======== RECORDS TO USE
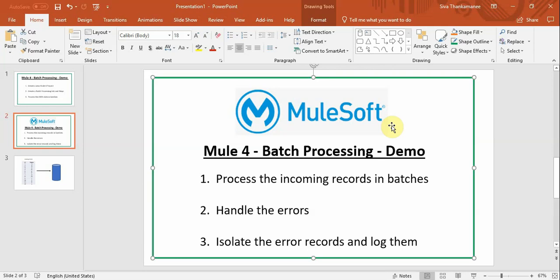Hello and welcome to MuleSoft training videos. In this video we are going to see some advanced techniques of Mule4 batch processing.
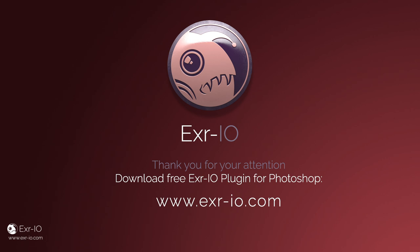Thank you for your attention and if you need more info about EXR image workflow, please visit exr-io.com.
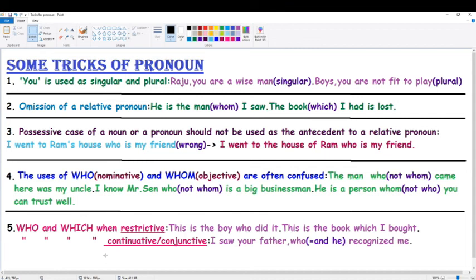These are the special tricks of pronoun covered from top to bottom. Continue practicing every day and go through the video from top to bottom to clarify and get the full explanation of the pronoun tricks covered here. Till then, have a good day and happy watching.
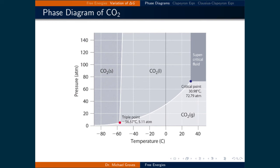We are going to focus on changes in Gibbs free energy in this course. One reason is because we operate in a constant pressure environment, which makes it easier to measure the change in enthalpy of a process, which is a part of the definition of Gibbs free energy. First, we will focus on single component systems.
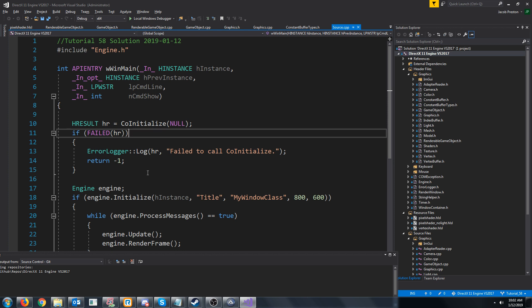Hey everybody and welcome to DirectX 11 tutorial 58. In this tutorial we are going to take a look at light attenuation.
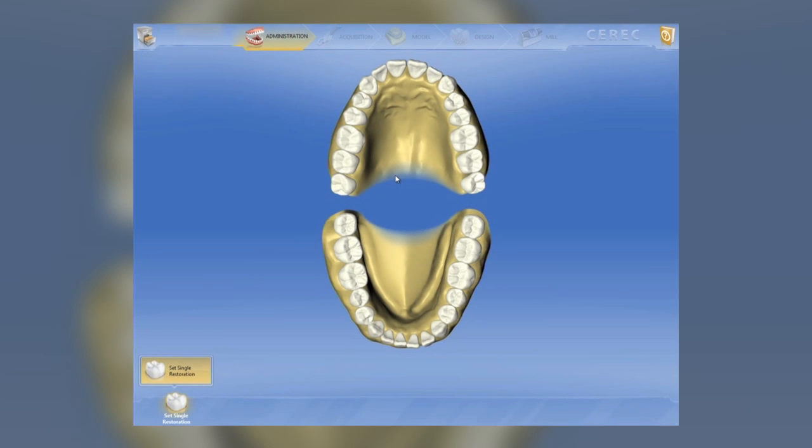This is Dr. Armin Rezaian from CerecDoctors.com. We're going to feature a crown restoration done with Cerec version 4.0.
================
» EXERCISE: Copy the listing in full and without alteration, omitting every picture.

» SOLVED PROBLEM:
Hello and welcome to MuleSoft training videos. In this video we are going to see some advanced techniques of Mule4 batch processing.
Thank you for your attention and if you need more info about EXR image workflow, please visit exr-io.com.
These are the special tricks of pronoun covered from top to bottom. Continue practicing every day and go through the video from top to bottom to clarify and get the full explanation of the pronoun tricks covered here. Till then, have a good day and happy watching.
We are going to focus on changes in Gibbs free energy in this course. One reason is because we operate in a constant pressure environment, which makes it easier to measure the change in enthalpy of a process, which is a part of the definition of Gibbs free energy. First, we will focus on single component systems.
Hey everybody and welcome to DirectX 11 tutorial 58. In this tutorial we are going to take a look at light attenuation.
This is Dr. Armin Rezaian from CerecDoctors.com. We're going to feature a crown restoration done with Cerec version 4.0.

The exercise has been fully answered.